The design and operation of spectrum markets has been an important area of inter-disciplinary research for joint work between technologist and economics/policy experts. Prior work includes game theoretic formulations of spectrum markets to understand incentives and factors necessary for Pareto optimality. On the applied side, there have been several economic studies of new business models for spectrum, include sub-leasing or shared use between wireless service providers, or hybrids between unlicensed bands. Better economic models, including auctions and spectrum policies based on economic value, that incentivize spectrum efficiency and sharing are needed. With spectrum being an important natural resource and economic driver, there is a need to consider the equitable use and social justice implications of different spectrum sharing and regulatory policies.

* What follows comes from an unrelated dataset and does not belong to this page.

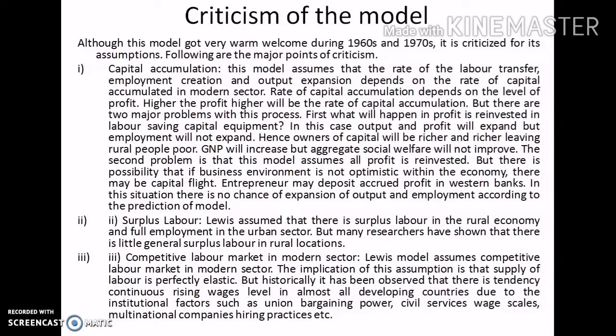The second criticism is related to surplus labor. Levy's assumed that there is surplus labor in the rural economy and full employment in the urban sector. But many researchers have shown that there is little general surplus labor in rural locations. The last criticism is related to the competitive labor market in the modern sector. Levy's model assumes a competitive labor market in the modern sector, implying that the supply of labor is perfectly elastic. But historically, it has been observed that there is a tendency of continuously rising wage levels in almost all developing countries, due to institutional factors such as union bargaining power, civil service wage scales, multinational companies' hiring practices, etc.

The related regulatory framework is also of interest, with stakeholders including the FCC, government users, wireless service providers and end users. In the United States, almost all spectrum below 95 GHz is currently occupied by an incumbent, often a civilian government agency such as law enforcement or weather measurements, RA, the US military or utilities. Recent efforts in sharing the 3.5 GHz CBRS, 5.9 GHz UNI, and the TV whitespaces all rely on geographic exclusion zones and spectrum databases. However, these mechanisms are often coarse-grained and may be overly conservative, i.e., lead to low utilization of the spectrum. Incumbents are also concerned that new users of the spectrum will either make mistakes, such as using systems licensed for indoor use outside, or will be tempted to add range via directional antennas or power amplifiers. Thus, spectrum sharing based on sensing and databases must be supplemented by robust and efficient enforcement mechanisms, so that lower-priority transmitters that violate the spectrum etiquette rules can be either quickly identified or possibly even silenced, for example by extending the concept of station identification. Conversely, more dynamic systems where a lower-priority transmitter gets to try out bands at designated times or locations might allow more aggressive sharing. More broadly, there has been an interest within the FCC technological advisory board to move beyond the classical notion of limits on out-of-band emissions to a more harms-based model, where interference limits and harm claim thresholds describe the environment that entities in a shared spectrum environment need to work with.